What "error" means with respect to Swift's backend-server timing metrics
is pretty fuzzy at the moment, and could probably use some work.
The idea is that object-server.GET.timing has timing data for everything
that Swift handled successfully, and object-server.GET.timing.errors has
timing data for things where Swift failed.
Some things are pretty easy to divide up. For example, 200-series status
code always counts as success, and 500-series status code always counts
as error.
It gets tricky in the 400-series status codes. For example, a 404 means
that a client asked for an object that doesn't exist. That's not Swift's
fault, so that goes into the success bucket (object-server.GET.timing).

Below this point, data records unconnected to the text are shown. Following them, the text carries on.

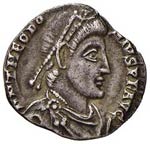 TEODOSIO I (379 - 395 ... 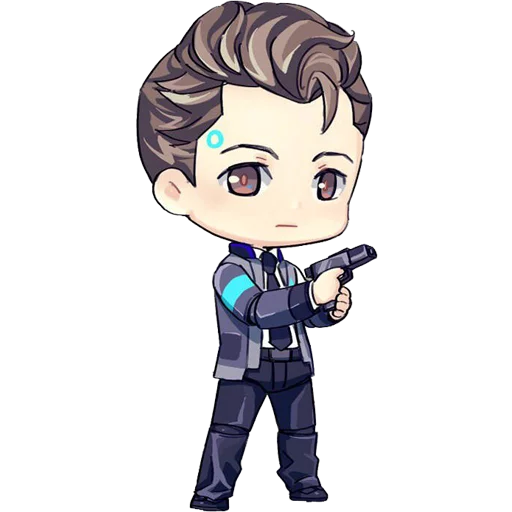 Sticker Detroit: Become Human (Connor)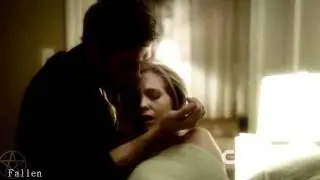 KLAUS AND CAROLINE ( 3x11- our town ) ..... you were so scared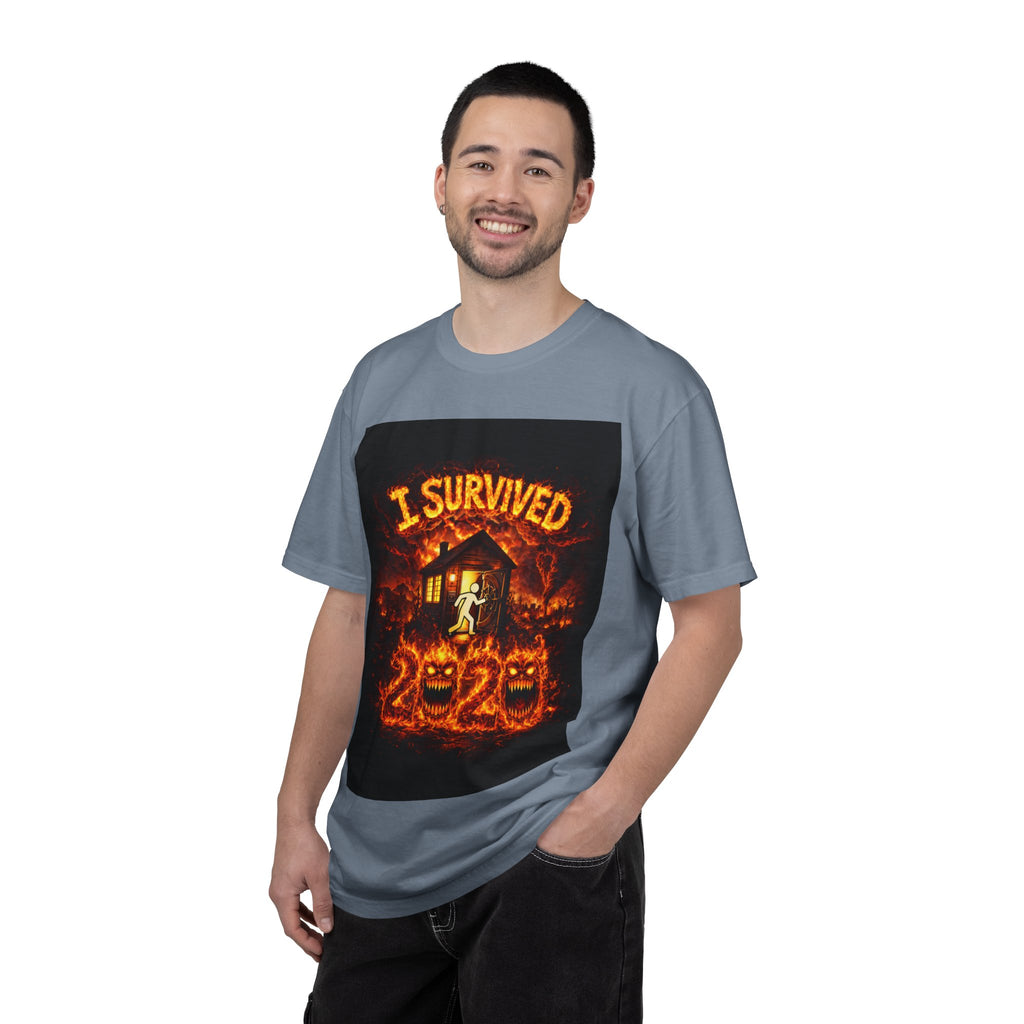 I Survived 2020 — S2:E4 "Western U.S. Wildfire Season" | Mid-Season Finale Pt. 1 | Wildfire Edition Memorial Unisex Garment-Dyed T-shirt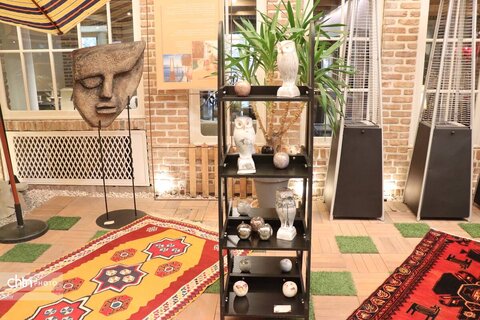 برگزاری نمایشگاه صنایع دستی در مجموعه هارمونی سنتر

Similarly, a 412 means that a client set an unsatisfiable precondition
in the If-Match, If-None-Match, If-Modified-Since, or
If-Unmodified-Since headers, and Swift correctly determined that the
requested object can't fulfill the precondition, so that one goes in the
success bucket too.
However, there are other status codes that are more ambiguous. Consider
409; the object server responds with 409 if the request's X-Timestamp is
less than the object's X-Timestamp (on PUT/POST/DELETE). You can get
this with two near-simultaneous POSTs:
1. request A hits proxy; proxy assigns X-Timestamp: 1406316223.851131
2. request B hits proxy; proxy assigns X-Timestamp: 1406316223.851132
3. request B hits object server and gets 202
4. request A hits object server and gets 409
Does that error count as Swift's fault? If the client requests were
nearly simultaneous, then I think not; there's always going to be *some*
delay between accept() and gettimeofday(). On the other hand, if one
proxy server's time is significantly behind another's, then it is
Swift's fault.
It's even worse with 400; sometimes it's for bad paths (like asking an
object server for /<partition>/<account>/<container>; this can happen if
the administrator misconfigures their rings), and sometimes it's for bad
X-Delete-At / X-Delete-After values (which are set by the client).
I'm not sure what the best way to fix this is, but if you just want to
see some error metrics, unmount a disk to get some 507s.